Our audit of LEAs’ and Education’s efforts to identify and support youth experiencing homelessness revealed the following:
- » Available data suggest that California LEAs are not doing enough to identify youth experiencing homelessness.
- Homeless education experts generally estimate that 5 to 10 percent of economically disadvantaged youth experience homelessness.
- Four of the six LEAs we reviewed—five school districts and one charter school—identified 3 percent or fewer of their economically disadvantaged youth as experiencing homelessness.
- » The six LEAs we reviewed could do more to identify and support youth experiencing homelessness.
- None of the six LEAs we reviewed sufficiently trained staff to ensure they were aware of information that would help them identify youth needing services.
- Only one LEA we reviewed has disseminated information about its homeless education program.

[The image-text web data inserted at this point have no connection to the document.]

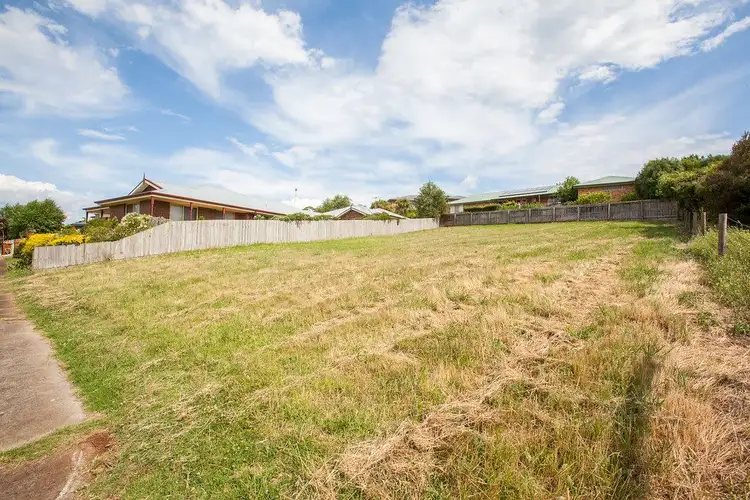 12 Janine Court, Drouin VIC 3818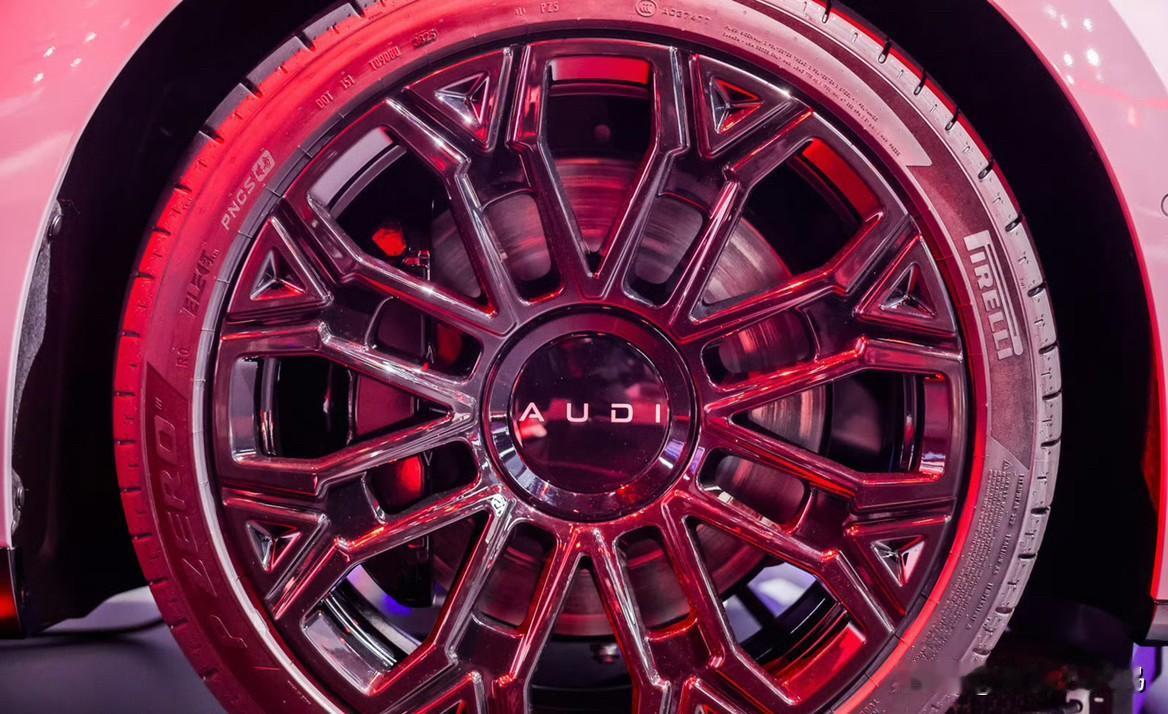 ✨云追广州车展的快乐，是被奥迪E5家族承包的！本来只是随便刷官图，结果被那抹紫色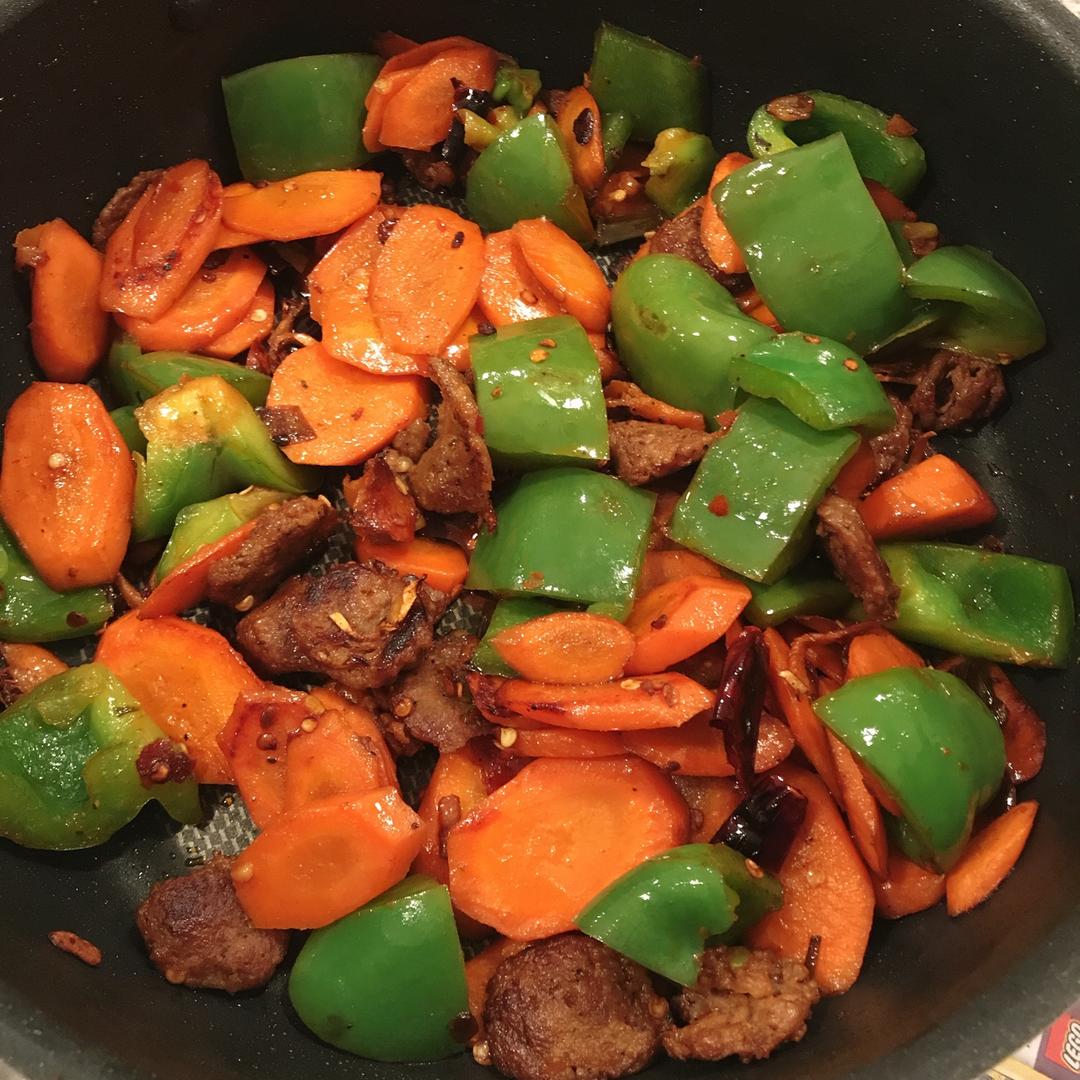胡萝卜炒肉片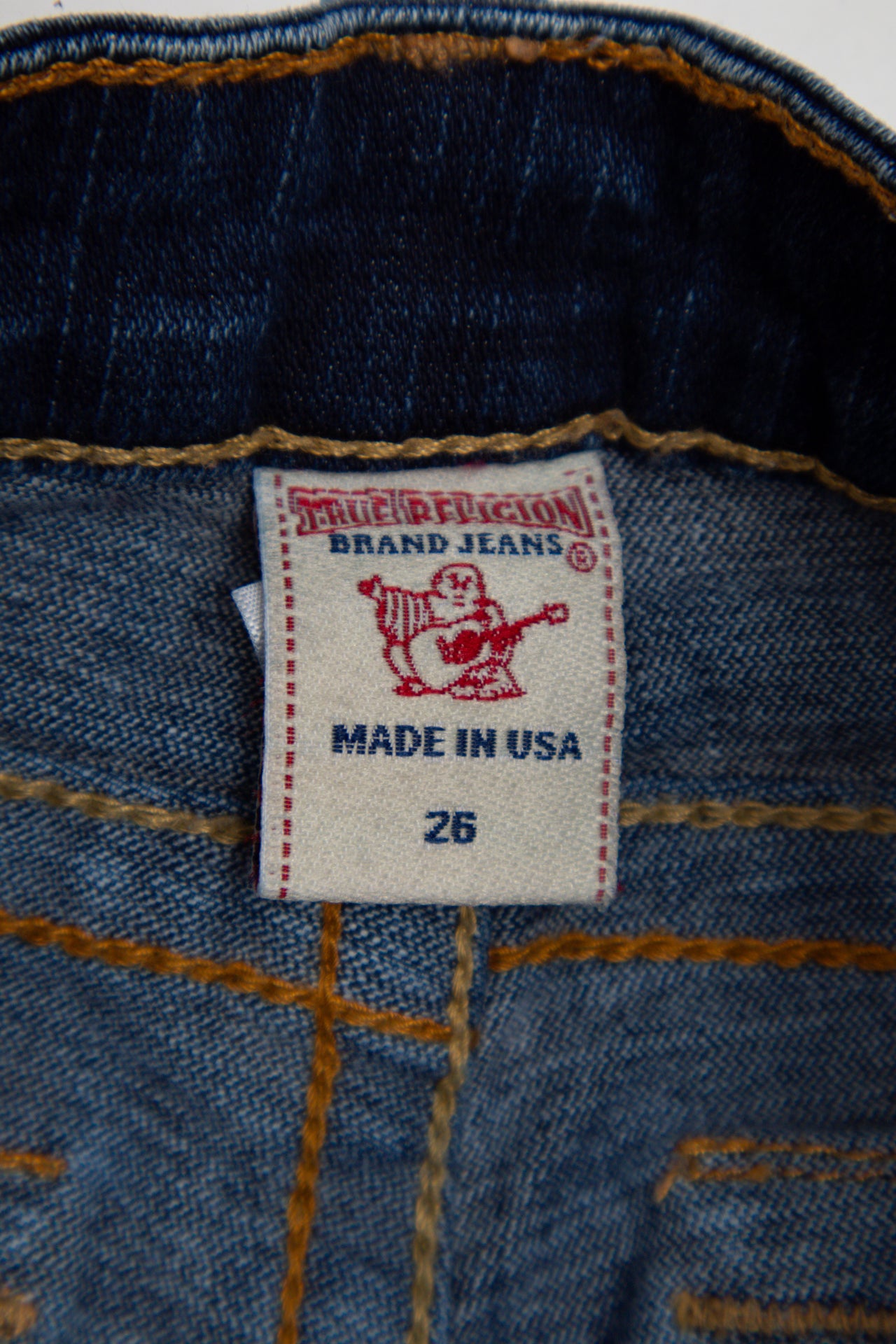 #203 True Religion embroidered pocket jeans | c. 165 | size 6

- » Education is federally required to oversee the State’s homeless education program, but it has provided inadequate oversight and leadership.
- It monitors this program in less than 1 percent of the nearly 2,300 LEAs in the State each academic year.
- It does not effectively use the data it collects to identify and provide guidance to LEAs that may be underreporting the number of youth experiencing homelessness.
- It has not conducted a staffing analysis to identify additional resources needed to provide adequate oversight of LEAs' homeless education programs.
Results in Brief
According to the U.S. Department of Housing and Urban Development, more people in California experience homelessness than in any other state in the nation. The population experiencing homelessness includes a significant number of youth whose performance outcomes often suffer as a result. Federal law defines youth experiencing homelessness as those lacking a fixed, regular, and adequate nighttime residence and it includes those who share housing with other persons because of economic hardship or live in cars, parks, abandoned buildings, or similar settings.Although federal law refers to these youth as homeless children and youth, for the purposes of this report we refer to them as youth experiencing homelessness to avoid stigma. To address some of the challenges that these youth may face, federal law requires states to ensure that they have equal access to the same free, appropriate public education available to other youth. The federal McKinney‑Vento Education Assistance Improvement Act (McKinney‑Vento Act) provides federal funds to states to identify these youth and provide services to enable them to enroll in, attend, and succeed in school. The California Department of Education (Education) is responsible for overseeing and administering education, including the education of youth experiencing homelessness in California. Local educational agencies (LEAs)—school districts, county offices of education, and charter schools—designate local liaisons who are responsible for ensuring that school personnel identify youth experiencing homelessness and provide them with educationally related support services.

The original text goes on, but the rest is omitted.